━━━━━ Data block

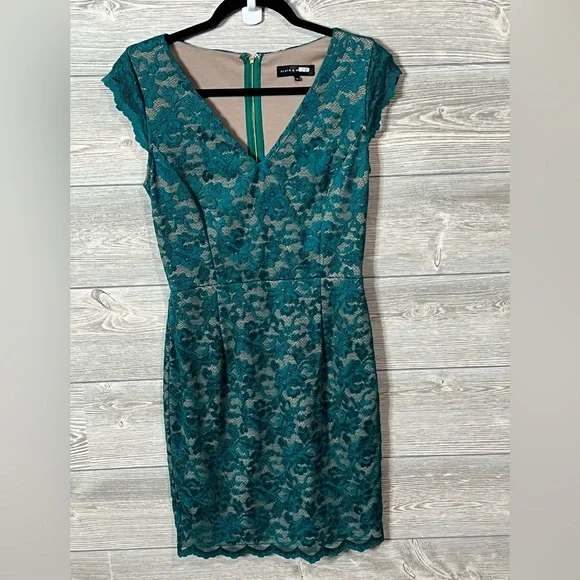 Slate & Willow Lace Sheath Dress Size Medium Emerald Green - Picture 6 of 7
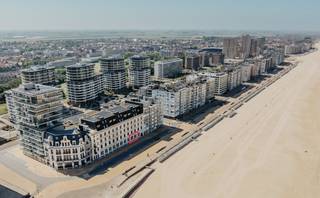 Bel appartement à vendre situé au premier étage de la rue Elisabeth dans le projet TROON17 à Ostende - Mariakerke. Ici, vous pourrez profiter d'une vue imprenable sur la mer depuis le salon et depuis la terrasse ensoleillée de l'agréable cour que le projet a à offrir. Disposition : - hall d'entrée- salon avec cuisine ouverte- rangement- salle de bain avec douche à l'italienne- toilettes séparées- chambre 1- chambre 2- une terrasse ensoleillée donnant sur la courAvantages : - parquet- très haute hauteur de plafond- chauffage au sol- chauffage par réseau de chaleur (= énergie renouvelable)- système de ventilation D- appartement lumineux Au sous-sol, il est possible d'acheter des garages ou des places de parking. Un spacieux local à vélos est également mis à votre disposition.Plans et détails des tarifs disponibles au bureau, contactez-nous au 059 50 60 50 pour un rendez-vous.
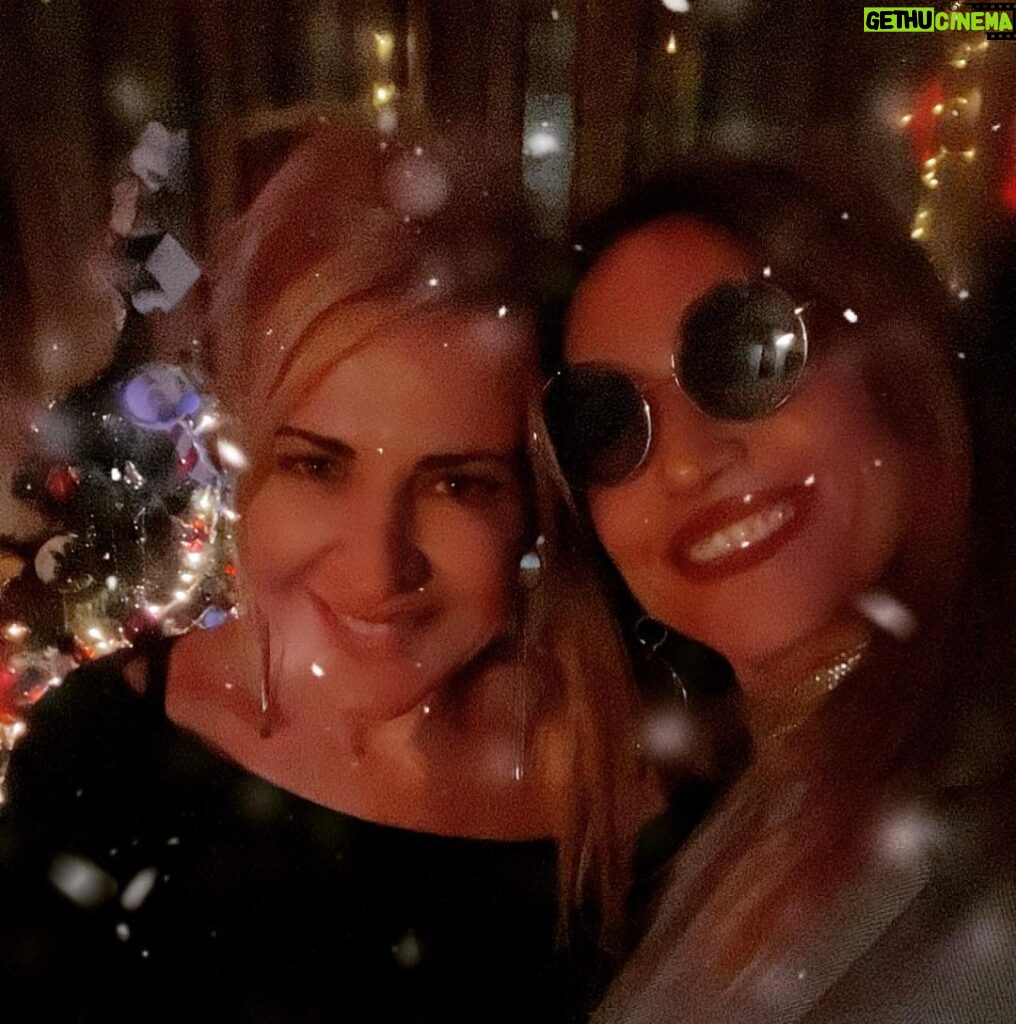 Sofia Pavlidou Instagram - It was a Christmas Party 🥳🎉🎄🧑‍🎄❤️ Χρόνια πολλά σε όλους✨ Υγεία Αγάπη & Χαρά 💫 Να είσαι μαζί μ αυτούς που αγαπάς και σ αγαπούν 💞 Χρόνια πολλά @theonospito 💕 Δεν είσαι σε καμία φωτό @antonis_krobas αλλά ήσουν υπέροχος οικοδεσπότης 🙏🏽🤩 @thomaisandroutsou @marinasamarkou @panagakikaterina @eleftheria_fo #choco #loveyouall #tothemoonandback #christmas #christmasmood #christmasvibes #love #blessed #happiness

━━━━━━━━━━

Prompt: Leave out the pictures, then return every line of the data exactly.

Answer below:
 Slate & Willow Lace Sheath Dress Size Medium Emerald Green - Picture 6 of 7
 Bel appartement à vendre situé au premier étage de la rue Elisabeth dans le projet TROON17 à Ostende - Mariakerke. Ici, vous pourrez profiter d'une vue imprenable sur la mer depuis le salon et depuis la terrasse ensoleillée de l'agréable cour que le projet a à offrir. Disposition : - hall d'entrée- salon avec cuisine ouverte- rangement- salle de bain avec douche à l'italienne- toilettes séparées- chambre 1- chambre 2- une terrasse ensoleillée donnant sur la courAvantages : - parquet- très haute hauteur de plafond- chauffage au sol- chauffage par réseau de chaleur (= énergie renouvelable)- système de ventilation D- appartement lumineux Au sous-sol, il est possible d'acheter des garages ou des places de parking. Un spacieux local à vélos est également mis à votre disposition.Plans et détails des tarifs disponibles au bureau, contactez-nous au 059 50 60 50 pour un rendez-vous.
 Sofia Pavlidou Instagram - It was a Christmas Party 🥳🎉🎄🧑‍🎄❤️ Χρόνια πολλά σε όλους✨ Υγεία Αγάπη & Χαρά 💫 Να είσαι μαζί μ αυτούς που αγαπάς και σ αγαπούν 💞 Χρόνια πολλά @theonospito 💕 Δεν είσαι σε καμία φωτό @antonis_krobas αλλά ήσουν υπέροχος οικοδεσπότης 🙏🏽🤩 @thomaisandroutsou @marinasamarkou @panagakikaterina @eleftheria_fo #choco #loveyouall #tothemoonandback #christmas #christmasmood #christmasvibes #love #blessed #happiness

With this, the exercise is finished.